◆ **Data section**:
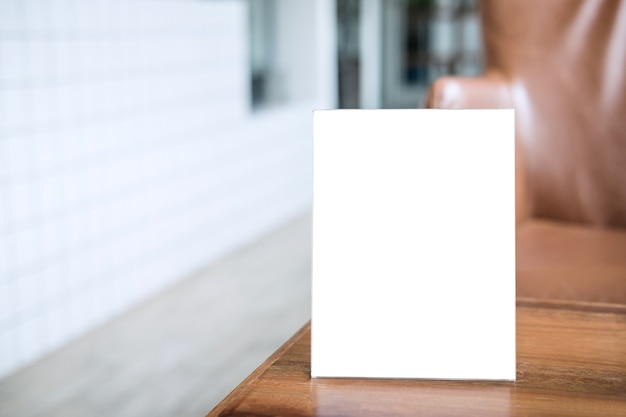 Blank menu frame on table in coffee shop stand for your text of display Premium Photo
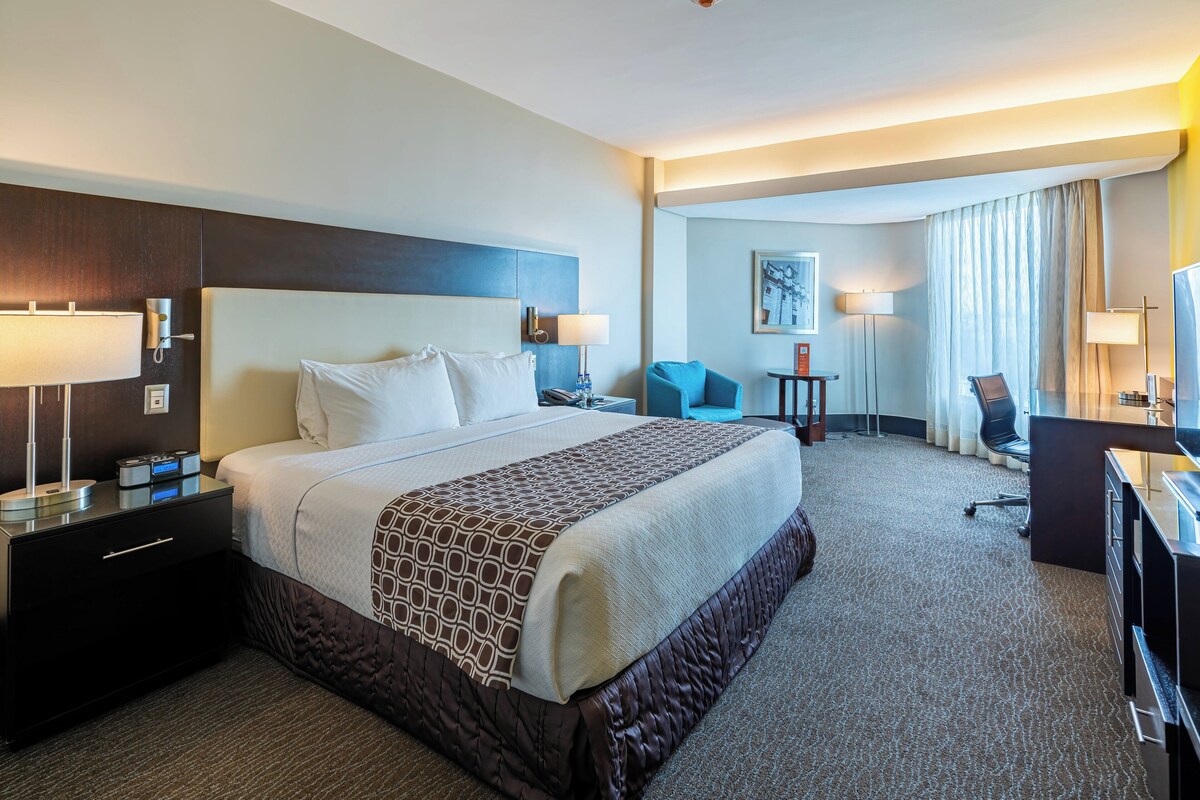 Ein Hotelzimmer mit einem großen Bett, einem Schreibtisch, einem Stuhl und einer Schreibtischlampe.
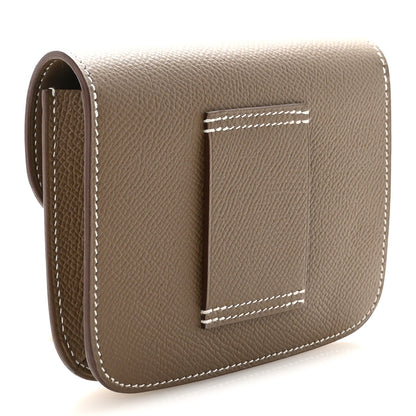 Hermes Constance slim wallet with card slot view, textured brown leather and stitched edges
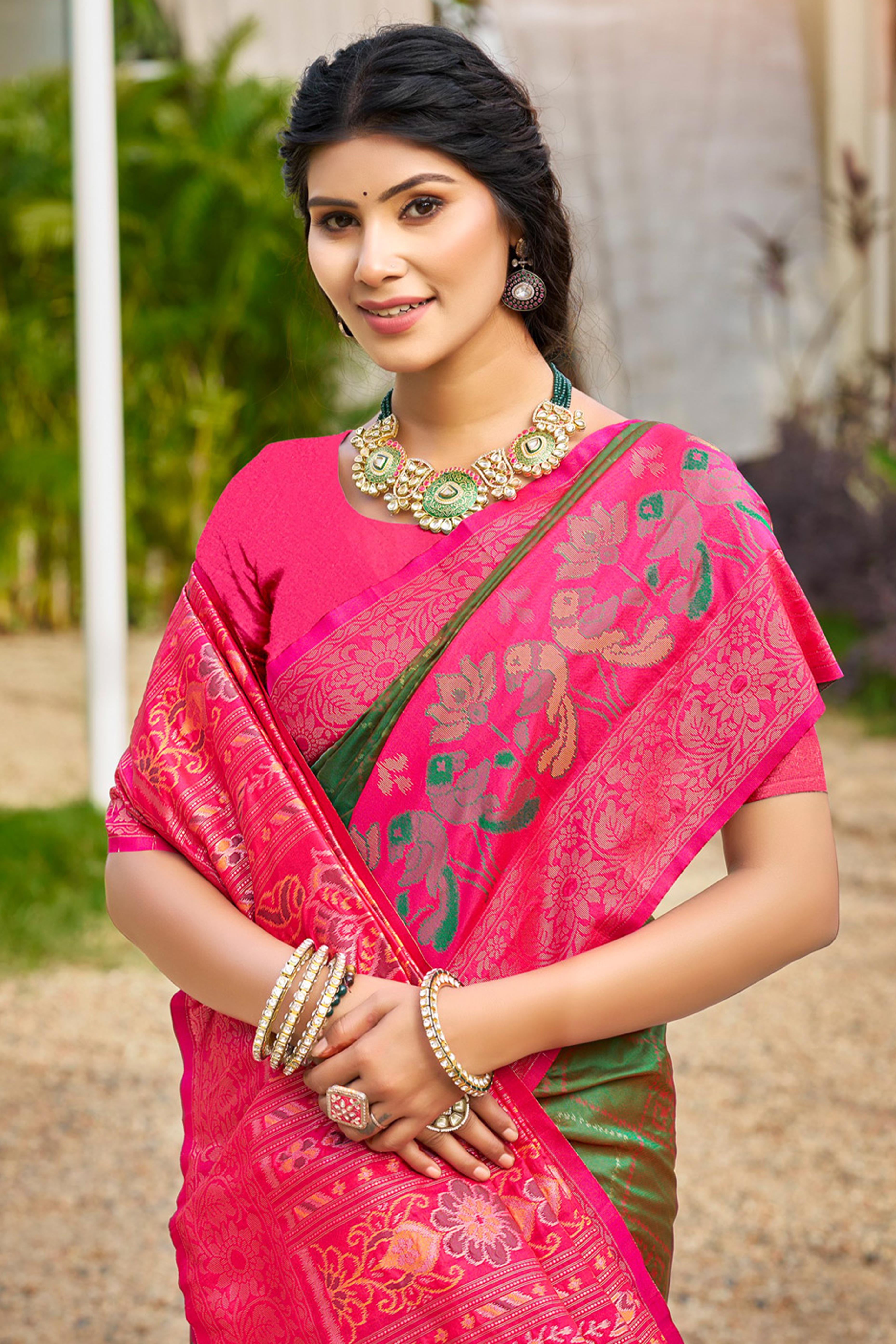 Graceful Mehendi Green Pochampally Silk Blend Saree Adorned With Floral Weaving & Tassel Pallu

◆ **Problem description**: Please give back the material above exactly as written, pictures omitted.

◆ **The completed task**:
 Blank menu frame on table in coffee shop stand for your text of display Premium Photo
 Ein Hotelzimmer mit einem großen Bett, einem Schreibtisch, einem Stuhl und einer Schreibtischlampe.
 Hermes Constance slim wallet with card slot view, textured brown leather and stitched edges
 Graceful Mehendi Green Pochampally Silk Blend Saree Adorned With Floral Weaving & Tassel Pallu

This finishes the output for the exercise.